A cyberespionage group has been using advanced spear-phishing techniques to steal email log-in credentials from the employees of military agencies, embassies, defense contractors and international media outlets that use Office 365’s Outlook Web App.
The group behind the attack campaign has been operating since at least 2007 according to researchers from Trend Micro, who published a research paper on Wednesday about the attacks they dubbed Operation Pawn Storm.
The Pawn Storm attackers have used a variety of techniques over the years to compromise their targets, including spear-phishing emails with malicious Microsoft Office attachments that installed a backdoor-type malware program called SEDNIT or Sofacy, or selective exploits injected into compromised legitimate websites.
The group used one particularly interesting technique in email phishing attacks against organizations that use the Outlook Web App (OWA), which is part of Microsoft’s Office 365 service.
For each phishing attack, the group created two fake domains: one very similar to that of a third-party website known to the victims—like that of an upcoming industry conference for example—and one similar to the domain used by the targeted organization’s Outlook Web App deployment.
The attackers then crafted phishing emails with a link to the fake third-party site where they hosted non-malicious JavaScript code whose purpose was twofold: to open the actual legitimate site in a new tab and to redirect the already opened Outlook Web App browser tab to a phishing page.
“The JavaScript made it appear that the victims’ OWA sessions ended while at the same time, tricked them into reentering their credentials,” the Trend Micro researchers wrote in their paper. “To do this, the attackers redirected victims to fake OWA log-in pages by setting their browsers’ open windows property.”
This technique does not exploit any vulnerabilities and works in any popular browser, including Internet Explorer, Mozilla Firefox, Google Chrome and Apple’s Safari, the researchers said.

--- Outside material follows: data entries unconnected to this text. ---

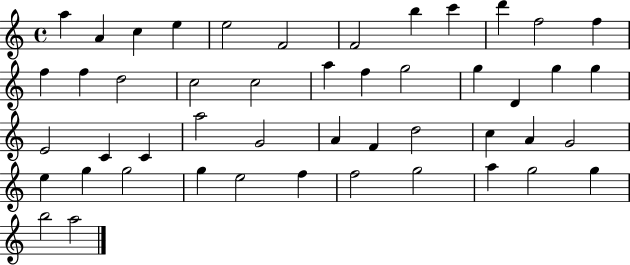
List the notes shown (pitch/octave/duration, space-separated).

A5/q A4/q C5/q E5/q E5/h F4/h F4/h B5/q C6/q D6/q F5/h F5/q F5/q F5/q D5/h C5/h C5/h A5/q F5/q G5/h G5/q D4/q G5/q G5/q E4/h C4/q C4/q A5/h G4/h A4/q F4/q D5/h C5/q A4/q G4/h E5/q G5/q G5/h G5/q E5/h F5/q F5/h G5/h A5/q G5/h G5/q B5/h A5/h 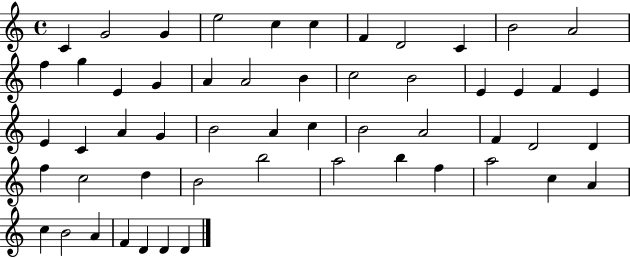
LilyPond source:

{
  \clef treble
  \time 4/4
  \defaultTimeSignature
  \key c \major
  c'4 g'2 g'4 | e''2 c''4 c''4 | f'4 d'2 c'4 | b'2 a'2 | \break f''4 g''4 e'4 g'4 | a'4 a'2 b'4 | c''2 b'2 | e'4 e'4 f'4 e'4 | \break e'4 c'4 a'4 g'4 | b'2 a'4 c''4 | b'2 a'2 | f'4 d'2 d'4 | \break f''4 c''2 d''4 | b'2 b''2 | a''2 b''4 f''4 | a''2 c''4 a'4 | \break c''4 b'2 a'4 | f'4 d'4 d'4 d'4 | \bar "|."
}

However, two conditions need to be met: the victims need to use OWA and they need to click on the embedded links from OWA’s preview pane, they said.
This can be a powerful attack, because the victims know they had a legitimate OWA session opened in that browser tab and might not check if the URL has changed before re-entering their credentials.
In addition to using domain names that were very similar to those used by the targeted organizations for their real OWA log-in pages, in some cases the attackers even purchased legitimate SSL certificates so that the victims’ browsers display the HTTPS secure connection indicators for the phishing sites, the Trend Micro researchers said.
Among those targeted with this technique were employees of the U.S. private military company ACADEMI, formerly known as Blackwater; the Organization for Security and Co-operation in Europe (OSCE); the U.S. Department of State; U.S. government contractor SAIC; a multinational company based in Germany; the Vatican Embassy in Iraq; broadcasting companies in several countries; the defense ministries of France and Hungary, Pakistani military officials; Polish government employees, and military attachés from various countries.
The phishing baits used by the attackers included well-known events and conferences that their victims were interested in.
“Apart from effective phishing tactics, the threat actors used a combination of proven targeted attack staples to compromise systems and get in to target networks—exploits and data-stealing malware,” the Trend Micro researchers said. “SEDNIT variants particularly proved useful, as these allowed the threat actors to steal all manners of sensitive information from the victims’ computers while effectively evading detection.”